What was advertised in a colonial American newspaper 250 years ago today?

New-York Journal (February 18, 1773).

“With many other articles too numerous for an advertisement.”

Samuel Deall sold a variety of merchandise at his shop on Broad Street in New York in 1773.  In an advertisement in the February 18 edition of the New-York Journal, he listed only some of his wares, informing prospective customers that he carried “a large assortment of haberdashery and hosiery of all sort,” “Gentlemen and Ladies gloves of all sorts,” “gilt, bordered and plain message cards,” “Bayley’s boxes of improved soap with brushes for shaving,” “fine tooth brushes,” and “the fine new invented Cakes for shining liquid blacking for shoes and boots.”  The merchant listed a variety of other items and concluded by noting that he stocked “many other articles too numerous for an advertisement.”

In adopting that means of suggesting that he offered a wide array of choices to consumers, Deall deployed a strategy popular among merchants and shopkeepers.  Elsewhere in that issue of the New-York Journal, several other advertisers published short catalogs of their merchandise and added that space did not permit them to go into even greater detail.  For instance, Robert G. Livingston, Jr., stated that he sold “Sundry other goods in the store way, too tedious to mention.”  Similarly, Wigglesworth, Kent, and Company concluded their litany of goods with a promise that they had “many other Articles too tedious to enumerate.”  William Wikoff once again placed his advertisement that enticed consumers with “many more articles, too tedious to insert” in the newspaper.  Gerardus Duycknick ended his advertisement for his Universal Store, so named because he supposedly stocked everything, with a note about “a Variety of other Articles … too tedious to mention.”

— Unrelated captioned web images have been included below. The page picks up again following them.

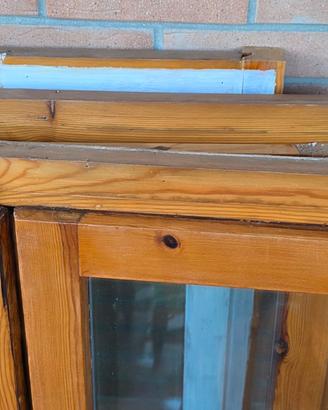 finestre in legno 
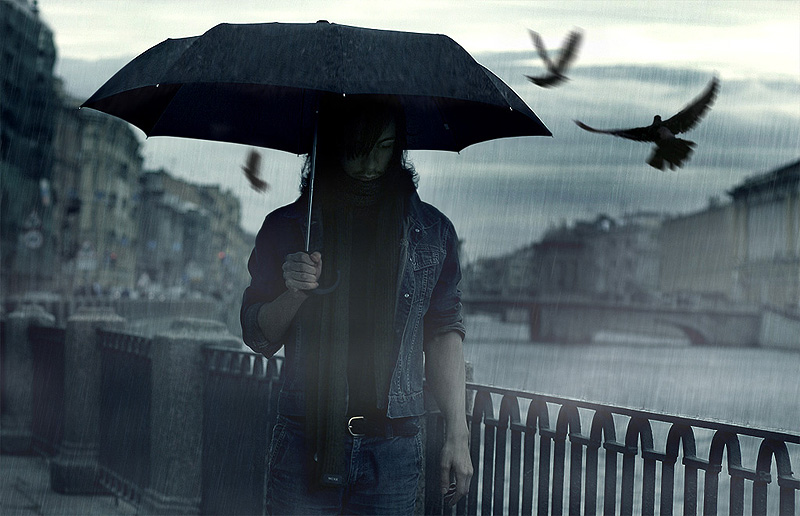 Проходят однажды сезоны дождей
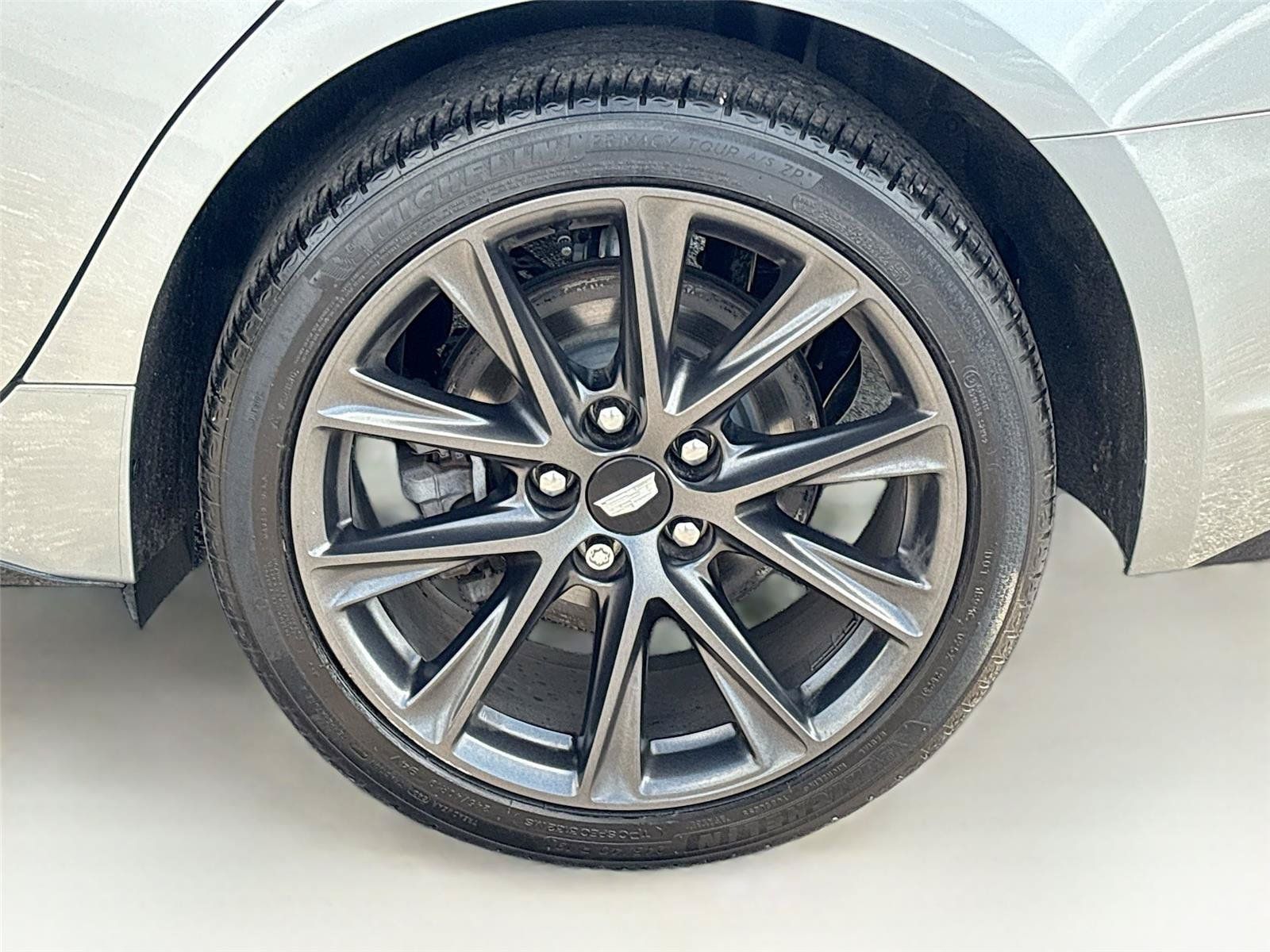 Used 2024 Cadillac CT5 Sport AWD/4WD image 37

Each of these advertisers used lists of goods to demonstrate some of the choices they made available to customers.  To enhance those lists, each also suggested that going into greater detail in a newspaper advertisement was neither practical nor entertaining.  Instead, they implied that prospective would have more satisfying and enjoyable experiences by visiting their stores, browsing their merchandise, and seeing for themselves the many choices that might suit their tastes and budgets.  As colonizers participated in a transatlantic consumer revolution in the eighteenth century, offering choices became one of the most popular marketing strategies deployed by merchants and shopkeepers.